_DATA RECORDS_.
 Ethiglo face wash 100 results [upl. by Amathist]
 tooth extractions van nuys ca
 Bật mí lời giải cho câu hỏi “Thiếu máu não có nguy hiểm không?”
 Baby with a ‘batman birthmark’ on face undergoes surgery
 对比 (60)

--

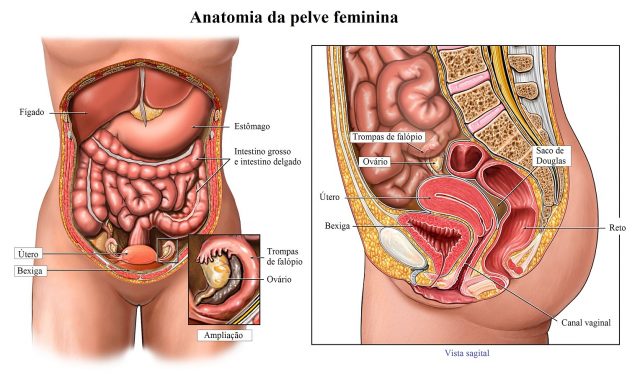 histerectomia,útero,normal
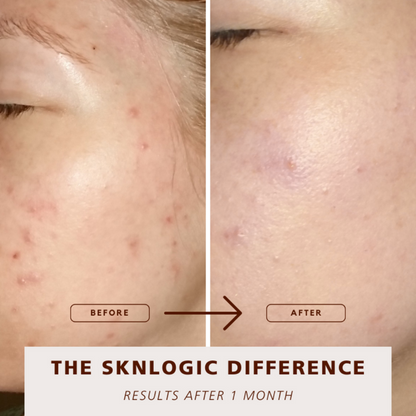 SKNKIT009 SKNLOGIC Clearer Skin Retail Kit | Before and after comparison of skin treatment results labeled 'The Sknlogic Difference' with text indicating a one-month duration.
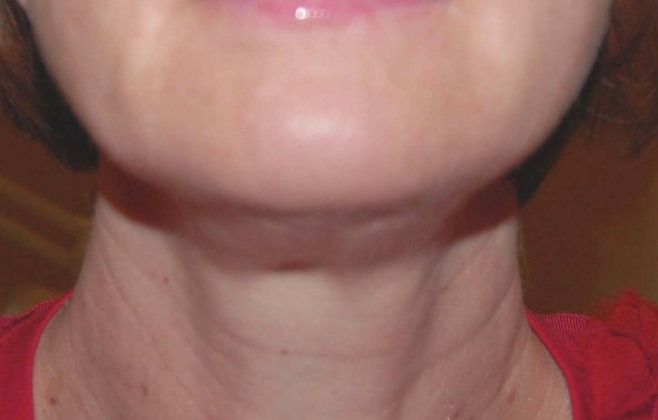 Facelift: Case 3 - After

_WORK ORDER_. Range to copy from the listing above: the line with "SKNKIT009 SKNLOGIC Clearer" through the line with "Facelift: Case 3 - After". Transcribe it exactly and skip the pictures.

_RESULT FOR THIS EXERCISE_.
 SKNKIT009 SKNLOGIC Clearer Skin Retail Kit | Before and after comparison of skin treatment results labeled 'The Sknlogic Difference' with text indicating a one-month duration.
 Facelift: Case 3 - After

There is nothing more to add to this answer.